- Goal of the exercise: For the material that follows, return exactly the lines from the one with "NIKE AIR JORDAN 4 (38)" through the one with "Mithonies Villa, a", both ends included.

- Extracted entries:
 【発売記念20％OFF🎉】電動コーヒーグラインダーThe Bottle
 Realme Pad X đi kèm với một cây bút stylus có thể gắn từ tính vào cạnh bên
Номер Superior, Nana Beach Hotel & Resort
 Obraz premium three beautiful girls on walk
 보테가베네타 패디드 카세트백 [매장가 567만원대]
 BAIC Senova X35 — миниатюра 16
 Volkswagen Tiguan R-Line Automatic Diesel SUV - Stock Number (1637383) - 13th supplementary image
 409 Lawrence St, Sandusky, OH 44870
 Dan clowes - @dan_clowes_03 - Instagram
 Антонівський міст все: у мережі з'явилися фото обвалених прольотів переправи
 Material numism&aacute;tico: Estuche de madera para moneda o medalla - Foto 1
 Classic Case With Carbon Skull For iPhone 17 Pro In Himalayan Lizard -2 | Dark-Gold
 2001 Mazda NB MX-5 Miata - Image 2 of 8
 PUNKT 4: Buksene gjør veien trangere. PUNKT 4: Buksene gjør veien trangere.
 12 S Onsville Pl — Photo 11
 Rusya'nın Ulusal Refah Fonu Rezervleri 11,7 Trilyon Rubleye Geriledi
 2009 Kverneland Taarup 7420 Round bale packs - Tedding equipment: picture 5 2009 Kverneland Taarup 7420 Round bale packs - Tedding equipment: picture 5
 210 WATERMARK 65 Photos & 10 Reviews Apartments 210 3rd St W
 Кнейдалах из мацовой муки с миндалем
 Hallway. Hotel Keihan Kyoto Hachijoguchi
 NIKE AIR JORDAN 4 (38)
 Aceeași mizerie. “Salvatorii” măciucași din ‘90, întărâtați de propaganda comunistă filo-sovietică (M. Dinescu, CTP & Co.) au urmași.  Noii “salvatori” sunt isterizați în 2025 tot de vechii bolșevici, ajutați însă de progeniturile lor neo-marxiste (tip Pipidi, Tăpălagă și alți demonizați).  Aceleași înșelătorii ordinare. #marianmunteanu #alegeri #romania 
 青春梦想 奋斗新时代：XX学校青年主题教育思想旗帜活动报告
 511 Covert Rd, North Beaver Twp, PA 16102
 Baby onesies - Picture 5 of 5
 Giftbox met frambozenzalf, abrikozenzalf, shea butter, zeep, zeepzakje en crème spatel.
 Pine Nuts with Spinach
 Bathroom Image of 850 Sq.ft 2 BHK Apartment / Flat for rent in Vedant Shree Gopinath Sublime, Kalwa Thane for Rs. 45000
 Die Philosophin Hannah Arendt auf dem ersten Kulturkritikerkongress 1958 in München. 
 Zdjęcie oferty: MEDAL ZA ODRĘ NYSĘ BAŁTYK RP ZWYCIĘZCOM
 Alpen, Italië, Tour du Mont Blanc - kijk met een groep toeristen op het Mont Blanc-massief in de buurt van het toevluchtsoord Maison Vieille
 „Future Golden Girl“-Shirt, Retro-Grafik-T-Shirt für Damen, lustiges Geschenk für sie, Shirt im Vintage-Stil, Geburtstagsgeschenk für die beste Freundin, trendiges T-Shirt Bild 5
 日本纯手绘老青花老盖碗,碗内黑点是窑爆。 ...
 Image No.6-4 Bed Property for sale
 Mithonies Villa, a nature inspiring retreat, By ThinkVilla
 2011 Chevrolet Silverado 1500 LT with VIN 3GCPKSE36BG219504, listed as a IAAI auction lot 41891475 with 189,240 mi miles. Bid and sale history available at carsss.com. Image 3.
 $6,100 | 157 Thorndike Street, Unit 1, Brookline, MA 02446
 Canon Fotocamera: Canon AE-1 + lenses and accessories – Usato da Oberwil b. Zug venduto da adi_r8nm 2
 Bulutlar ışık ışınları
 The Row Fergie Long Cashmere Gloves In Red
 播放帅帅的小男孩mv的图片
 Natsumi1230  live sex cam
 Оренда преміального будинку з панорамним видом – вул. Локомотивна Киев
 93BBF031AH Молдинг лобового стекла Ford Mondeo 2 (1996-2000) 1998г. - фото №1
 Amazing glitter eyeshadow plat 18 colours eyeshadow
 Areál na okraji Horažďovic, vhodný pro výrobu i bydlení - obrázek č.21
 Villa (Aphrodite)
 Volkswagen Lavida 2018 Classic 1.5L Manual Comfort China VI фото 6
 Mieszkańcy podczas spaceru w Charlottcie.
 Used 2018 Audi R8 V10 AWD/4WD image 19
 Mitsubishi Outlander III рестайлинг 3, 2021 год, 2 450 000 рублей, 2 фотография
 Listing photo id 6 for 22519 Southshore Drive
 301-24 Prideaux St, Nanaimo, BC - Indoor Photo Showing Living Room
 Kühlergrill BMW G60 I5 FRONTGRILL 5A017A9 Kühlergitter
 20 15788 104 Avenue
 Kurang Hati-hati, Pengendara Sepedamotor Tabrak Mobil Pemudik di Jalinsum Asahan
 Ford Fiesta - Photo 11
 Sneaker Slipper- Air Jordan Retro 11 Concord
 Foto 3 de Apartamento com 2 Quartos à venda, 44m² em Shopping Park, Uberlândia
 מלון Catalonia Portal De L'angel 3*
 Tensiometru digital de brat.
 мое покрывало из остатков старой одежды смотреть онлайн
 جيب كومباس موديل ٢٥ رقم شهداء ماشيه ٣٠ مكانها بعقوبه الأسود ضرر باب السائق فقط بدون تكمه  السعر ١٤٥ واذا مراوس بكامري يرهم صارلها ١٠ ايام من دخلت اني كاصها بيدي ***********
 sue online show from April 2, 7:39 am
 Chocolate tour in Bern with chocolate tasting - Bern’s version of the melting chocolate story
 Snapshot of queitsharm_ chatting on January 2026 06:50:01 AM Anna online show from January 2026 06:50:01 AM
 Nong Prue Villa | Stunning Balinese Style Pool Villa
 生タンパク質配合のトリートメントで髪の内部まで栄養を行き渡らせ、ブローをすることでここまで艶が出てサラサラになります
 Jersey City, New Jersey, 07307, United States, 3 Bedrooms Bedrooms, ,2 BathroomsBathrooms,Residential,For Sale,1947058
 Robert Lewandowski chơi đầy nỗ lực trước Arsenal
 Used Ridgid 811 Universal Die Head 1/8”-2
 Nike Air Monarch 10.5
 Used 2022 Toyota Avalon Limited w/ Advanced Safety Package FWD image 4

- Result of the task:
 NIKE AIR JORDAN 4 (38)
 Aceeași mizerie. “Salvatorii” măciucași din ‘90, întărâtați de propaganda comunistă filo-sovietică (M. Dinescu, CTP & Co.) au urmași.  Noii “salvatori” sunt isterizați în 2025 tot de vechii bolșevici, ajutați însă de progeniturile lor neo-marxiste (tip Pipidi, Tăpălagă și alți demonizați).  Aceleași înșelătorii ordinare. #marianmunteanu #alegeri #romania 
 青春梦想 奋斗新时代：XX学校青年主题教育思想旗帜活动报告
 511 Covert Rd, North Beaver Twp, PA 16102
 Baby onesies - Picture 5 of 5
 Giftbox met frambozenzalf, abrikozenzalf, shea butter, zeep, zeepzakje en crème spatel.
 Pine Nuts with Spinach
 Bathroom Image of 850 Sq.ft 2 BHK Apartment / Flat for rent in Vedant Shree Gopinath Sublime, Kalwa Thane for Rs. 45000
 Die Philosophin Hannah Arendt auf dem ersten Kulturkritikerkongress 1958 in München. 
 Zdjęcie oferty: MEDAL ZA ODRĘ NYSĘ BAŁTYK RP ZWYCIĘZCOM
 Alpen, Italië, Tour du Mont Blanc - kijk met een groep toeristen op het Mont Blanc-massief in de buurt van het toevluchtsoord Maison Vieille
 „Future Golden Girl“-Shirt, Retro-Grafik-T-Shirt für Damen, lustiges Geschenk für sie, Shirt im Vintage-Stil, Geburtstagsgeschenk für die beste Freundin, trendiges T-Shirt Bild 5
 日本纯手绘老青花老盖碗,碗内黑点是窑爆。 ...
 Image No.6-4 Bed Property for sale
 Mithonies Villa, a nature inspiring retreat, By ThinkVilla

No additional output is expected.